Web page caption snippets:
● ● ● ● ● ● ●

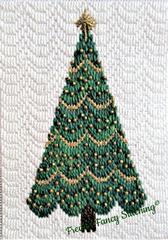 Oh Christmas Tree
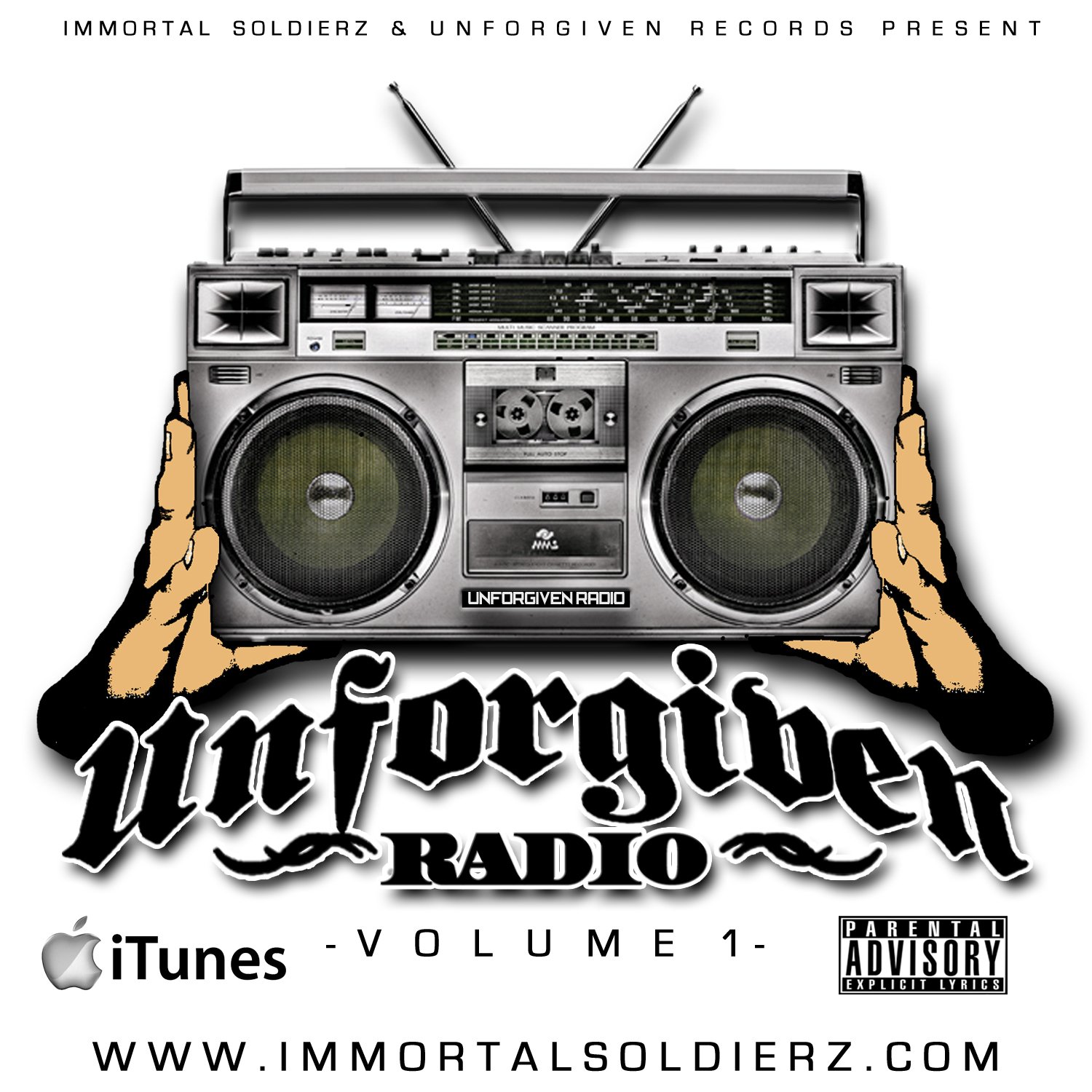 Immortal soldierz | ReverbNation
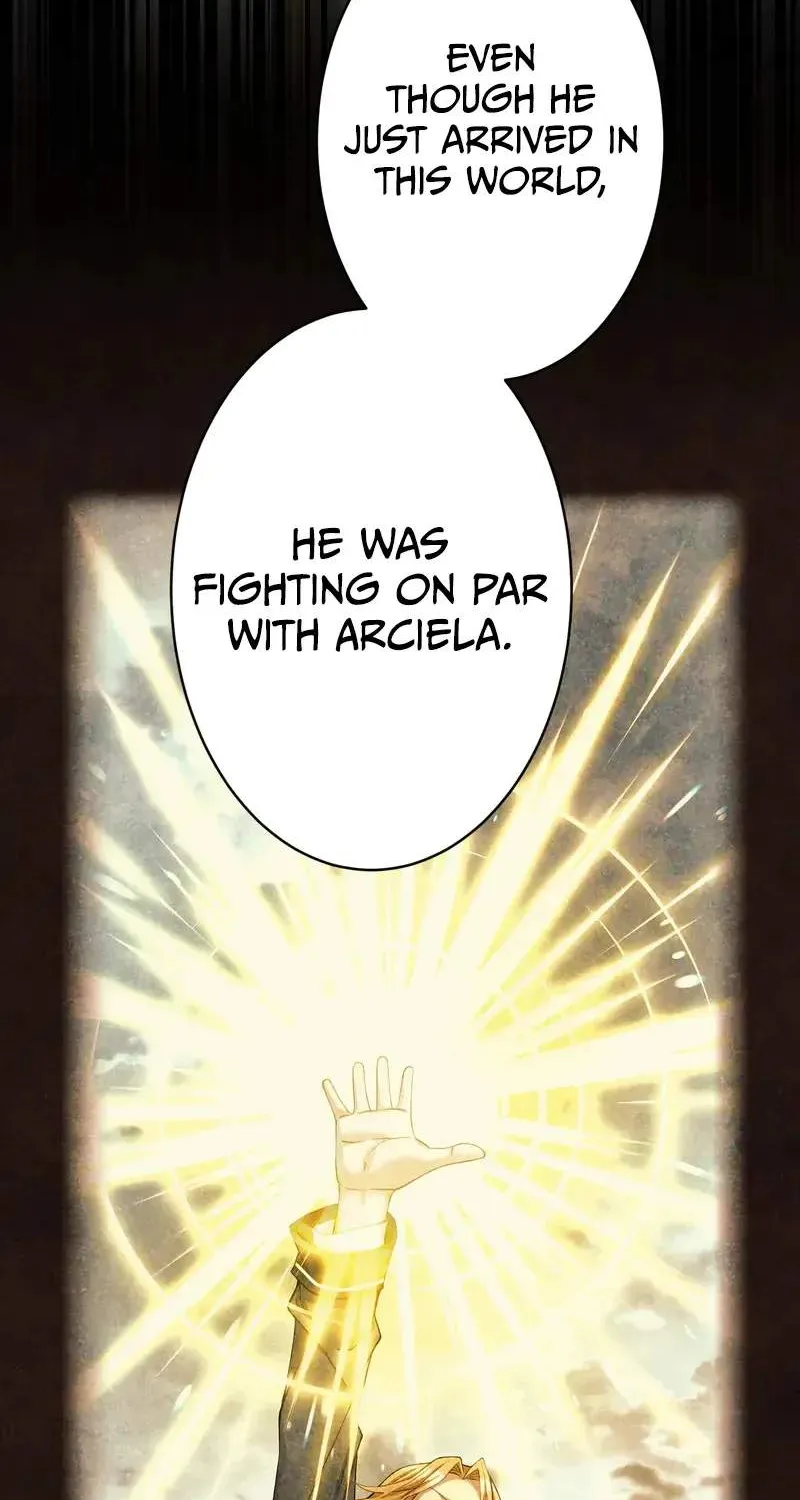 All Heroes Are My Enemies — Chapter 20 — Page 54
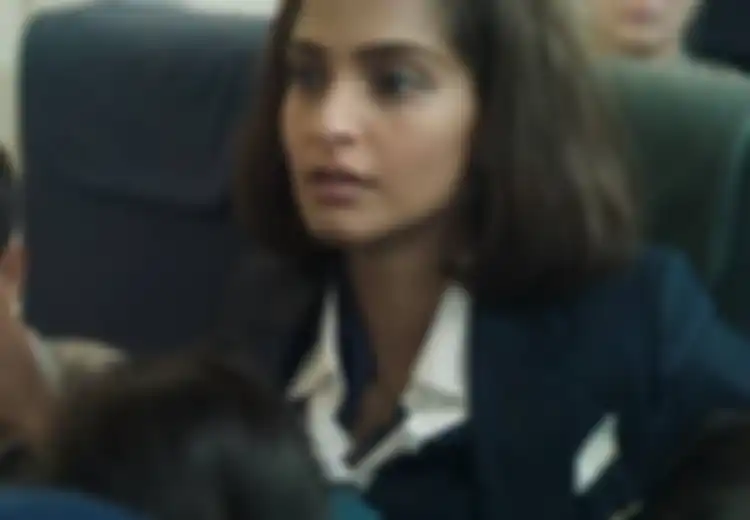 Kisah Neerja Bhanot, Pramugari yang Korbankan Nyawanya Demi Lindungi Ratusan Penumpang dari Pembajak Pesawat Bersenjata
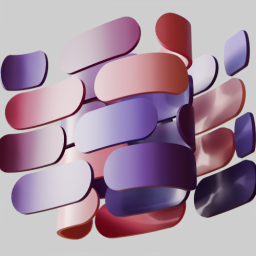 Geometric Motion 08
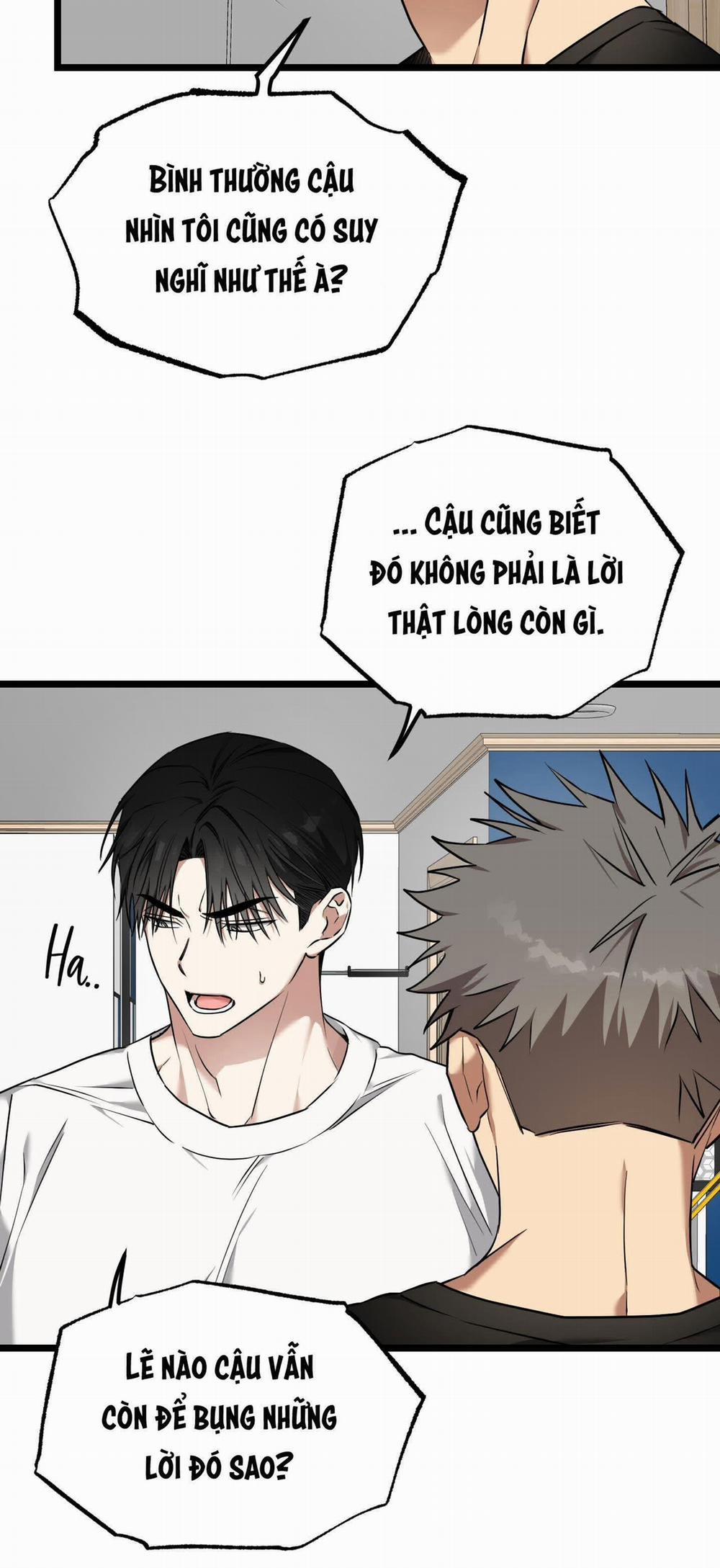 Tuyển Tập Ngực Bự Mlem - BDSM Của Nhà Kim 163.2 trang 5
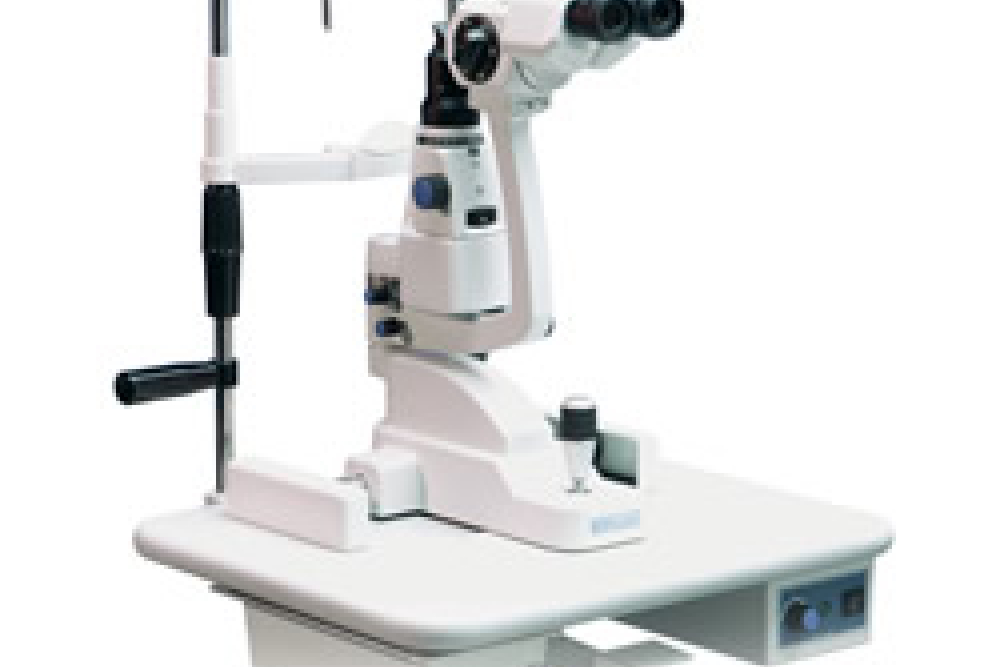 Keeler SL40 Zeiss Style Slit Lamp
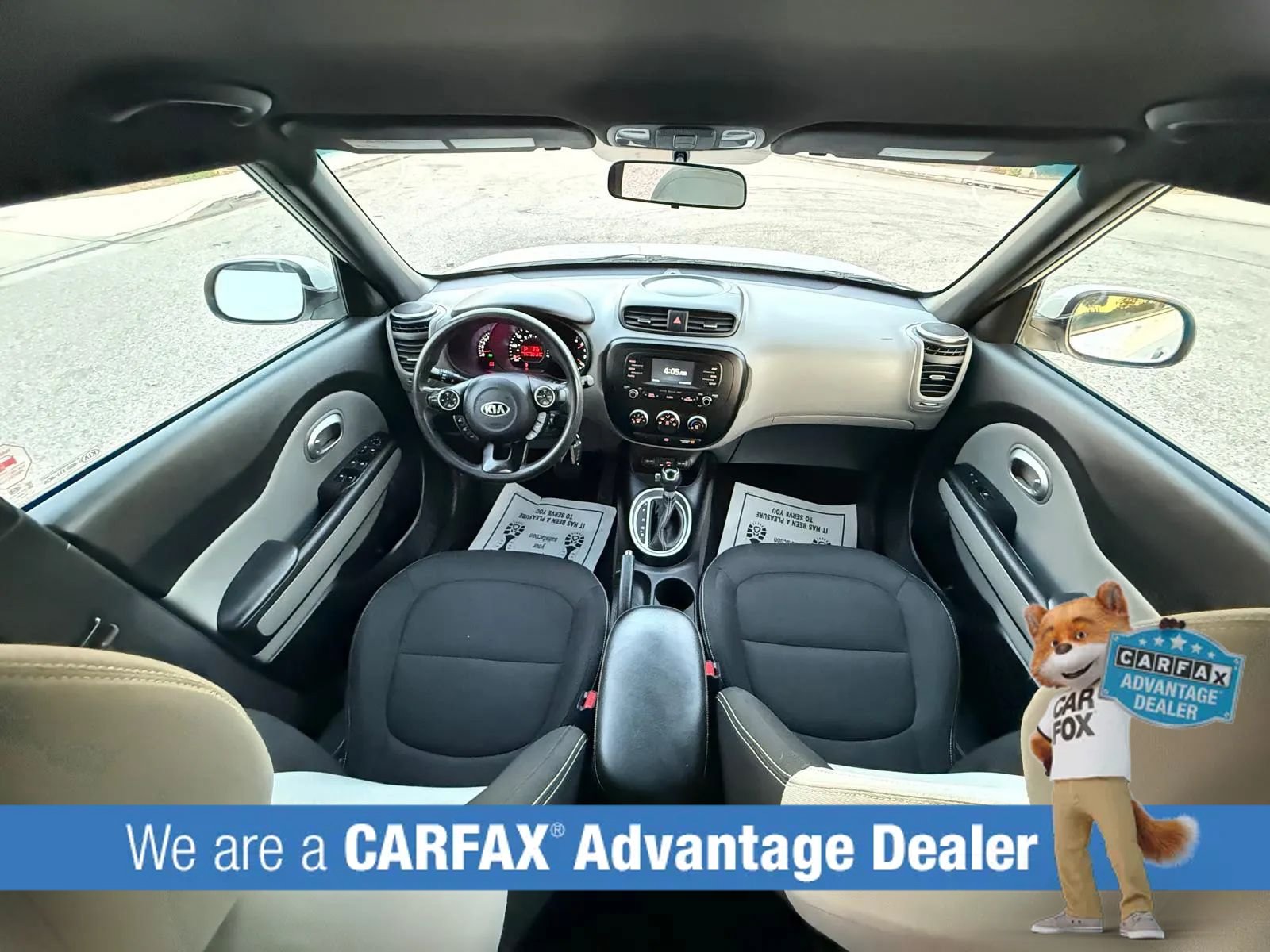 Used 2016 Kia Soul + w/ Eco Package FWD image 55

● ● ● ● ● ● ●

Retype, word for word, the lines from the one with "Kisah Neerja Bhanot, Pramugari" through the last line of the entries above, and only those lines. Leave pictures out.

● **TASK SOLUTION**:
 Kisah Neerja Bhanot, Pramugari yang Korbankan Nyawanya Demi Lindungi Ratusan Penumpang dari Pembajak Pesawat Bersenjata
 Geometric Motion 08
 Tuyển Tập Ngực Bự Mlem - BDSM Của Nhà Kim 163.2 trang 5
 Keeler SL40 Zeiss Style Slit Lamp
 Used 2016 Kia Soul + w/ Eco Package FWD image 55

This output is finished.